It is - but it's not for a specific program like the F-35. Program managers are responsible to ensure that progress payments based on performance arrive on time. I work on a DoD contract that awards and extra year on the contract based on the performance of the previous year. Be rest assured that if we were not awarded an add-on year based on poor performance from the previous year, myself along with my boss and the two other managers who run our contract would be terminated immediately.


----------



## FLYBOYJ (Feb 3, 2010)

This article spells it out perfectly on both sides...

gates-tries-to-get-f35-program-back-on-course: Personal Finance News from Yahoo! Finance

If the Pentagon didn't believe in this aircraft, they would cancell it in a heart beat.


----------



## Pong (Feb 4, 2010)

Clay_Allison said:


> You should get some F-16s, they still make them and they are fairly cheap (as these things go).



Our Government once received an offer for F-16s from Pakistan (Though they were missing some electronic parts), Israeli Kfirs, MiGs and several Chinese aircraft, and the PAF considered buying the F/A-18 but in today's flailing economy, orders for the Hornet are put on hold.


----------



## parsifal (Feb 4, 2010)

_Are you sure about that? A $5bn dollar investment from Australia would make them the largest partner on JSF by far, it's about twice the UK contribution, only I haven't seen much evidence of heavy Australian involvement.

There are still plenty of years before the IOC date for F-35 costs to increase further... _
I doubt the Australian share in the project is larger than britains, but we have invested heavily nevertheless. We are catergorised as a "level 3" partner, whatever that is. Several companies have won contracts for componentry manufacture, and there are several new plants under construction for the very purpose.

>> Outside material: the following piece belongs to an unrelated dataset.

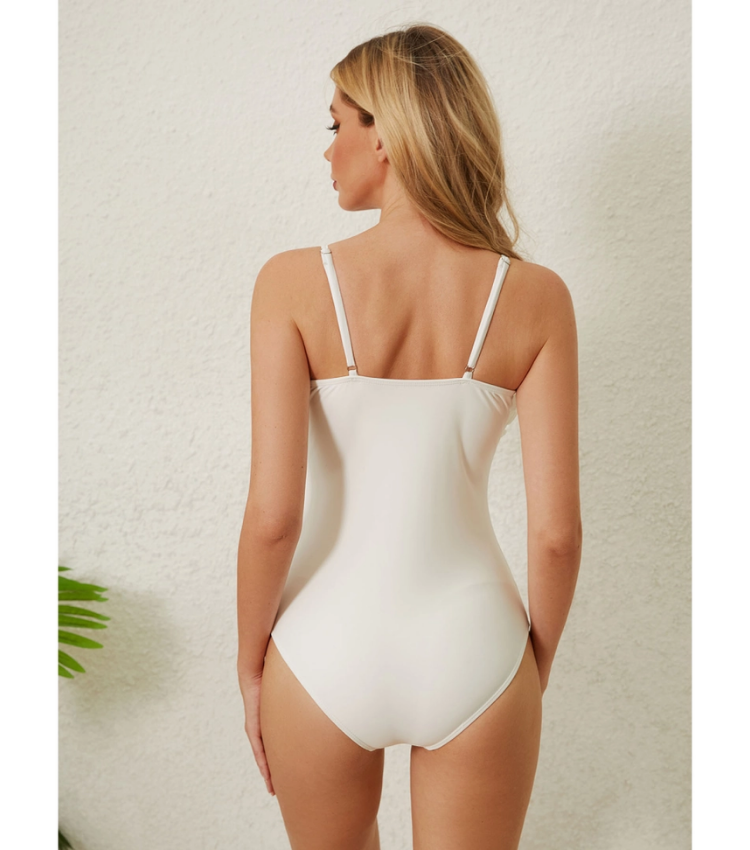 3D Flower White One Piece Swimsuit Flaxmaker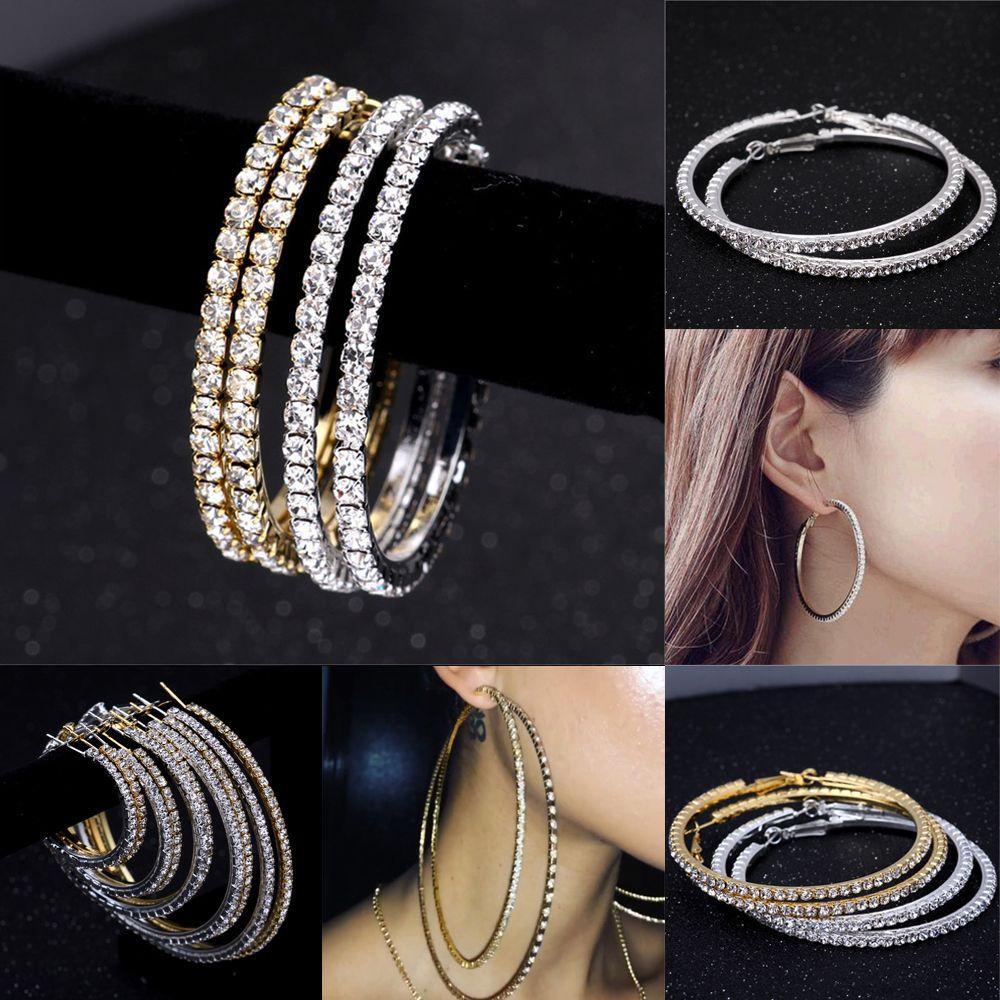 Wonder Kristal Anting Hoop Shiny Perak Emas Bulat Lingkaran Menjuntai Perhiasan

This is a recent newspaper article, which suggests a 3.2 Billion investment to date. However that is exclusive of the domestic infrastructure incentives being put up by the Australian taxpayer. 

We are by no means a major player in this venture, but our investment is nevertheless substantial 

Advance purchase could well put Defence out on a wing | The Australian


----------



## FLYBOYJ (Feb 13, 2010)

I was told by a friend who works at Lockheed that when the 5th F-35 (3rd F-35B) flew on Feb 2nd, there were no squawks when the aircraft returned. Quite a feat for the 5th production aircraft to roll off the assembly line.

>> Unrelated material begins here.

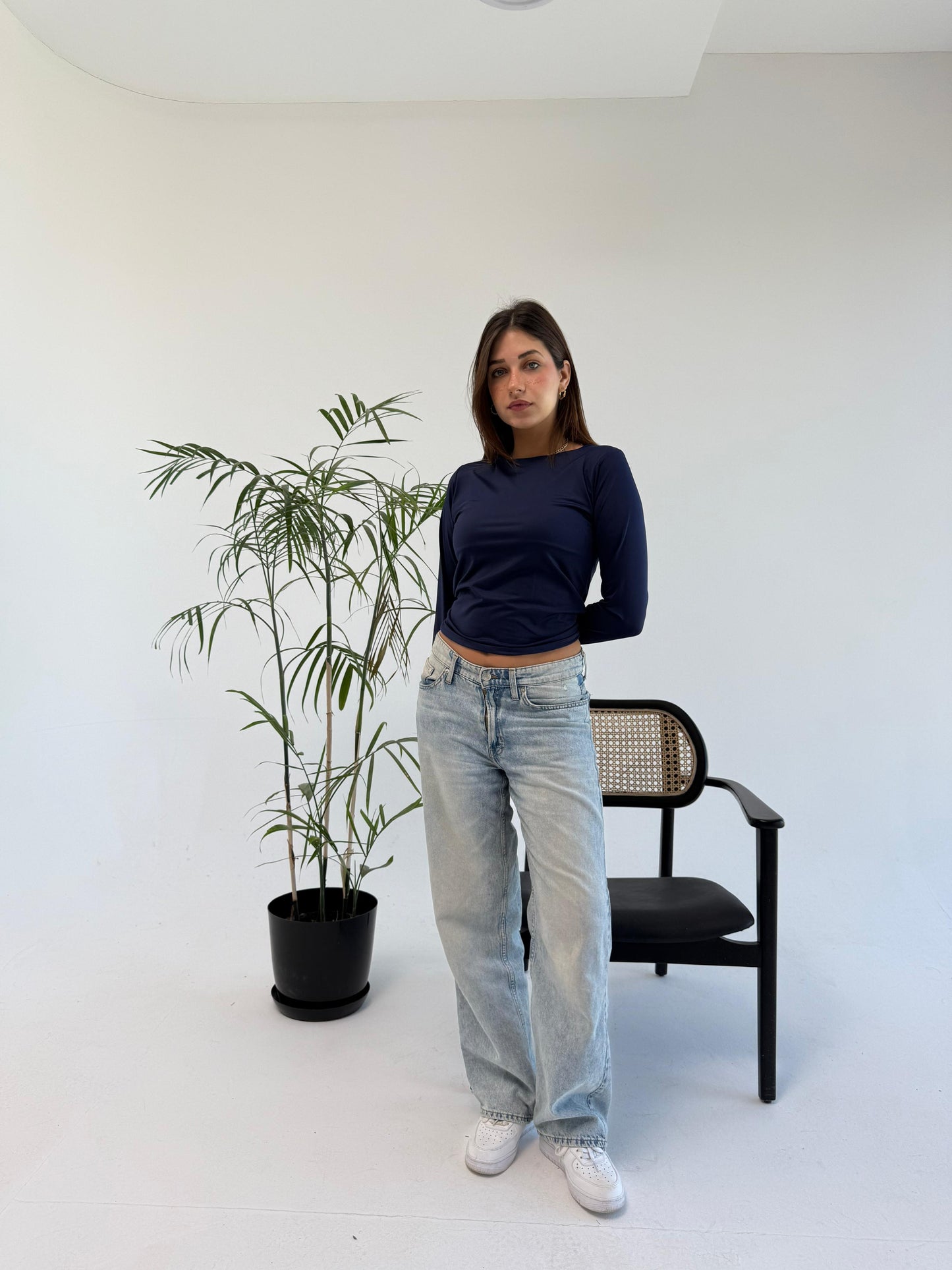 Basic Long Sleeve Top - Navy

In the mean time Israel wants 75 of them.

Israel presses U.S. for F-35 deal - UPI.com


----------



## Matt308 (Feb 13, 2010)

It suprised me to read that due to weight issues, the F-35 was design as a 7g airframe.


----------



## FLYBOYJ (Feb 13, 2010)

Matt308 said:


> It suprised me to read that due to weight issues, the F-35 was design as a 7g airframe.



I do know that during the X-35 program, everything was done to keep weight down. I'm wondering it that is still the same for the marine version of the aircraft. 7gs is still pretty hefty.


----------



## red admiral (Feb 13, 2010)

Matt308 said:


> It suprised me to read that due to weight issues, the F-35 was design as a 7g airframe.


 
CTOL is still at 9g, whilst STOVL is lower due to the weight issues, and CV is lower due to the larger wing. Is the lower g limit a particular problem? Not really, as if the fight progresses to WVR there are far more pressing problems for the F-35.


----------



## Matt308 (Feb 13, 2010)

Perhaps not, but from what I have gleaned all the airframes are common and thus based upon STOVL version with lift fan compartment and mid-section engine. I am under the impression that they all are 7g airframes.


----------



## red admiral (Feb 14, 2010)

Matt308 said:


> Perhaps not, but from what I have gleaned all the airframes are common and thus based upon STOVL version with lift fan compartment and mid-section engine. I am under the impression that they all are 7g airframes.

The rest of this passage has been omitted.